Saul Weingeroff
- Saul Weingeroff with The Von Brauners

Personal information
- Born: March 6, 1916 Brooklyn, New York, U.S.
- Died: March 14, 1988 (aged 72) Nashville, Tennessee, U.S.

Professional wrestling career
- Ring name: Saul Weingeroff
- Debut: 1955
- Retired: 1976

= Saul Weingeroff =

American professional wrestling manager

Solomon "Saul" Weingeroff (March 6, 1916 - March 14, 1988) was an American professional wrestling manager, known by his ringname "Gentleman" Saul Weingeroff, who led several tag teams to the NWA World Tag Team Championship during the 1960s and 70s such as The Islanders (Afa and Sika) and Kurt and Karl Von Brauner.

== Professional wrestling career ==
Often using his signature cane as well as fireballs (one of the earliest managers to do so) to aid in the victories of his wrestlers, he and the Von Brauners were one of the most popular "heels" in the National Wrestling Alliance during the early 1960s both for the Von Brauners Nazi-like in ring personas as well as his eccentric antics such as his entering the 1964 U.S. presidential election. The cause of rioting in several major cities, the trio often needed to have a police escort before and after wrestling events.

A well known personality in the Memphis-area, he and The Spoilers (Lorenzo Parente and Joey Corea) also had a long running feud with manager J.C. Dykes and The Masked Infernos (Frankie Cain and Rocky Smith) over the NWA Tennessee Tag Team Championship during the late 1960s later facing Dykes in several wrestling matches.

Among others he had managed during his near 30-year career included The Masked Strangler, Sweet Daddy Watts, "Pistol" Pez Whatley, The Legionnaires Sgt.
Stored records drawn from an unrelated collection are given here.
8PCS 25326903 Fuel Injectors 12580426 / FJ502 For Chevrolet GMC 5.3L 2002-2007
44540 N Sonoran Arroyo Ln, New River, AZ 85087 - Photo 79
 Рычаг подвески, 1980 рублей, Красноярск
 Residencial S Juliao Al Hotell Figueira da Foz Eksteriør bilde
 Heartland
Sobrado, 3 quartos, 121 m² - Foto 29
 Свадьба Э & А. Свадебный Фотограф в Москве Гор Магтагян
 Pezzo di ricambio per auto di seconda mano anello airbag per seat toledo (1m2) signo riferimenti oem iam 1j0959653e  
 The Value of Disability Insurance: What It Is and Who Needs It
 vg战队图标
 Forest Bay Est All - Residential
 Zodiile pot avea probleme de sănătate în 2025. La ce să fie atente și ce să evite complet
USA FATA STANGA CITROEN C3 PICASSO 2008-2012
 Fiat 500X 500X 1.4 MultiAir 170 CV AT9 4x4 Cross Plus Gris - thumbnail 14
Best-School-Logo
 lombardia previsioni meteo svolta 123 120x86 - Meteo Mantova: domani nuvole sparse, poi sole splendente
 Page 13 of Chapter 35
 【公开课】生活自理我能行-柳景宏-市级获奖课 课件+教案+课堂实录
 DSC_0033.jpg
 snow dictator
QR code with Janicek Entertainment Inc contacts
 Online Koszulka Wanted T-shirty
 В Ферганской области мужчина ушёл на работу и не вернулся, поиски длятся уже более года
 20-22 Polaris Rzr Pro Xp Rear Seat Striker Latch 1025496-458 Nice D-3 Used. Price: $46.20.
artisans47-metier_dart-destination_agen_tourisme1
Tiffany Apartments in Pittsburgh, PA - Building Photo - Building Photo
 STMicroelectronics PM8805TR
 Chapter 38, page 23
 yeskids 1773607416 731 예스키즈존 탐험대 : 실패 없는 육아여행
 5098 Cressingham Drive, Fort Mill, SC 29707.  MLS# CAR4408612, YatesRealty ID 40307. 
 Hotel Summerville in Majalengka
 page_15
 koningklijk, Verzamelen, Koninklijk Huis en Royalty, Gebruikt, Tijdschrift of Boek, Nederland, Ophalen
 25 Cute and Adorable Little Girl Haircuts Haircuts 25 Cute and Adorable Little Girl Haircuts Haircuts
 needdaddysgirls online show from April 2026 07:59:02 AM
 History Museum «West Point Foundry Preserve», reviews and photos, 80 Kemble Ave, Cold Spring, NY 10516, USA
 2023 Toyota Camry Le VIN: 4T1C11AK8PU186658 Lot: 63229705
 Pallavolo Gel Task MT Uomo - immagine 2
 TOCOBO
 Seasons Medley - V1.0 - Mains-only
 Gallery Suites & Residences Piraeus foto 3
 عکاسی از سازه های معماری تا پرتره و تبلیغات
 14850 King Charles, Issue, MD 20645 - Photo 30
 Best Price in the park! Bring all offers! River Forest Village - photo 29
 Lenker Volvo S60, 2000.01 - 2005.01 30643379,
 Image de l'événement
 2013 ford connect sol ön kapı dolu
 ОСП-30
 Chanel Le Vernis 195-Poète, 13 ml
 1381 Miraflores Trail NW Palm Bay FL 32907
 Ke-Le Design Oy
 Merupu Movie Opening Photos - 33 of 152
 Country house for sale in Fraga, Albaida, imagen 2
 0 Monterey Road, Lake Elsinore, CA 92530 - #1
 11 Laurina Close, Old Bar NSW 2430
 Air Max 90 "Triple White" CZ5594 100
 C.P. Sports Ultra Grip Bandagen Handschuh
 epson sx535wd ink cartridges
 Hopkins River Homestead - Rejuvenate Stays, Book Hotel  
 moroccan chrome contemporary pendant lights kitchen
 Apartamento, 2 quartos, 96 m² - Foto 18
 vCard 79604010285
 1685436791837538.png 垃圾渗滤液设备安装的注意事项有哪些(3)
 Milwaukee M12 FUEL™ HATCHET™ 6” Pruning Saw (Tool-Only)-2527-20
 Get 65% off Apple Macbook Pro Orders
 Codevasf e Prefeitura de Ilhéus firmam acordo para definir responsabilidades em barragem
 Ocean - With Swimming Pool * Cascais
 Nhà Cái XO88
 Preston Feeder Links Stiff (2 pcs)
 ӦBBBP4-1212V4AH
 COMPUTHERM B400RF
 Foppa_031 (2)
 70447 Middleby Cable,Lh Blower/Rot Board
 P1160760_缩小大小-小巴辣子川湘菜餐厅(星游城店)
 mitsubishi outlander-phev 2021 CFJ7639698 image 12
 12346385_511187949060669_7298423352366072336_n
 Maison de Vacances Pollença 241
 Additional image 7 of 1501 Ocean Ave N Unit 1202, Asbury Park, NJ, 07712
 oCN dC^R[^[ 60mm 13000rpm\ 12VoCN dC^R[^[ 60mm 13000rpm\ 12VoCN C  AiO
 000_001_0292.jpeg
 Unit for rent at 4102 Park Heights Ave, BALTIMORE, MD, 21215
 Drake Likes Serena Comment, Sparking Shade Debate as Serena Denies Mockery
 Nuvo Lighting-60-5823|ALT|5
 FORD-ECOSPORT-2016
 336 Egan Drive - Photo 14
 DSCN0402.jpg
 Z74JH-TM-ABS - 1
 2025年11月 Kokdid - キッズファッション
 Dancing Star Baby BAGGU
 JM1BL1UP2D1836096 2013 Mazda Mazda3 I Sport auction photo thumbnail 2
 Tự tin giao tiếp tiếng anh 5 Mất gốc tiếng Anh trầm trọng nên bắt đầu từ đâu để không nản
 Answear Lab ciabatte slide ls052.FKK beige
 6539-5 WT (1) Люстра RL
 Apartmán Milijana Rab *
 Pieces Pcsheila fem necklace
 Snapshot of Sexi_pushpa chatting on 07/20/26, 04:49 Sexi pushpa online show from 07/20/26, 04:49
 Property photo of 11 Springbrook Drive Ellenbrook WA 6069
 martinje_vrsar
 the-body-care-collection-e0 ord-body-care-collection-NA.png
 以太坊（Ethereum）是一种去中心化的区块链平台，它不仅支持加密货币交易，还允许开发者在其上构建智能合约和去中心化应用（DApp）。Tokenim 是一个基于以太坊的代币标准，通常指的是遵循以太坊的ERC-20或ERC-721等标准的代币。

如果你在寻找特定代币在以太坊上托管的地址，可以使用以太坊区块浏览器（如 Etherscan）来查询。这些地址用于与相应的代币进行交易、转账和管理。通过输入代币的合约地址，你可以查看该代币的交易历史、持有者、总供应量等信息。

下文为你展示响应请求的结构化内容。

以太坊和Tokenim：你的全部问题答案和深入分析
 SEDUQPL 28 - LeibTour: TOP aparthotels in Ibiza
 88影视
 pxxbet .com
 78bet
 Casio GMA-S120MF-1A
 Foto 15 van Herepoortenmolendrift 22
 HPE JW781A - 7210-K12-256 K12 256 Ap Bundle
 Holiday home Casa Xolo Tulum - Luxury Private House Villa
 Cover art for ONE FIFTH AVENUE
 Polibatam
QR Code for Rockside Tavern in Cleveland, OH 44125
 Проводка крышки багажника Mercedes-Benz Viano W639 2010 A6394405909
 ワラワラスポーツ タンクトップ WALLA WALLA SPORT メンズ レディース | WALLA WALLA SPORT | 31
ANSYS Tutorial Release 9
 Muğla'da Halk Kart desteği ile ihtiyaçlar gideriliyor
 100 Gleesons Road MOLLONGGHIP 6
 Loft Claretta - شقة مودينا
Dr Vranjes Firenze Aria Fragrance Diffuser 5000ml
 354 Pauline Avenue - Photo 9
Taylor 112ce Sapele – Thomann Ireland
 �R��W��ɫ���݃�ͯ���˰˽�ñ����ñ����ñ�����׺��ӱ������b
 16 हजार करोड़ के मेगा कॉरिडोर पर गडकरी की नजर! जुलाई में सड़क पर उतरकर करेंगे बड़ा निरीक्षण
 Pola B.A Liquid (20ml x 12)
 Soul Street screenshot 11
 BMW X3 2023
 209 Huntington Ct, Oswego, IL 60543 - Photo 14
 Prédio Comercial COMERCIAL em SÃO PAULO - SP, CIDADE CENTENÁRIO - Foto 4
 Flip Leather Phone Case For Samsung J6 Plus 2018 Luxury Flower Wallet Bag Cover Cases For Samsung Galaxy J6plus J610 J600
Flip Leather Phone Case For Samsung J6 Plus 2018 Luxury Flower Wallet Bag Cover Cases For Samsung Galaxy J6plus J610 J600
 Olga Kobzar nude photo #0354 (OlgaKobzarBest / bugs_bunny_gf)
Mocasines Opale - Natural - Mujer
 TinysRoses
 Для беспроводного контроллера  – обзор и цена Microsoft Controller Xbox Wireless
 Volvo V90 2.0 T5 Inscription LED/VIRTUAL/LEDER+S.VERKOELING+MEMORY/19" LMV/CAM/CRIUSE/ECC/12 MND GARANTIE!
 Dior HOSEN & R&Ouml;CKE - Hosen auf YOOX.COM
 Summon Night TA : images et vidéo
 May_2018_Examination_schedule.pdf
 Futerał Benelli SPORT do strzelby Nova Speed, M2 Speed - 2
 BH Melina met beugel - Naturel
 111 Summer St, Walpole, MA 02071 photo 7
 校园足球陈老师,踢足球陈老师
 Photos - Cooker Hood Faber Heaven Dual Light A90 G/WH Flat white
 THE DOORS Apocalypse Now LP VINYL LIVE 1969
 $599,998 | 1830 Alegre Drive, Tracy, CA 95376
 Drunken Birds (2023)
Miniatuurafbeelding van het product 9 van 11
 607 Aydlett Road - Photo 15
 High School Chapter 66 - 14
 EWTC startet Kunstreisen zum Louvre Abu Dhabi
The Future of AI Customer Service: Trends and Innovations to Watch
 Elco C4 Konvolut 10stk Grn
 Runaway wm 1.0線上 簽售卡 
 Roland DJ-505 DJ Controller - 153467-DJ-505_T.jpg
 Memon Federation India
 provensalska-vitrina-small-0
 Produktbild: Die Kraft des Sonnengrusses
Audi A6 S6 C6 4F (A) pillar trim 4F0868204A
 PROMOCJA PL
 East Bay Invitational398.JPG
Jacques Goulet and Soldier LeBeouf), The Spoilers (Lorenzo Parente and Joey Corea), Mephisto and Dante, Tojo Yamamoto and Sugi Sito (and later Johnny Long), Sputnik and Rocket Monroe and Angelo and Lanny Poffo. He is also the father of professional wrestler George Weingeroff.

Weingeroff retired in 1976. Operating a sign shop in downtown Nashville in his later years, he was also a regular guest columnist for Lew Eskin's Official Wrestling, Wrestling Monthly and Wrestling Review until his death on March 14, 1988.

His son, George Weingeroff was also a wrestler.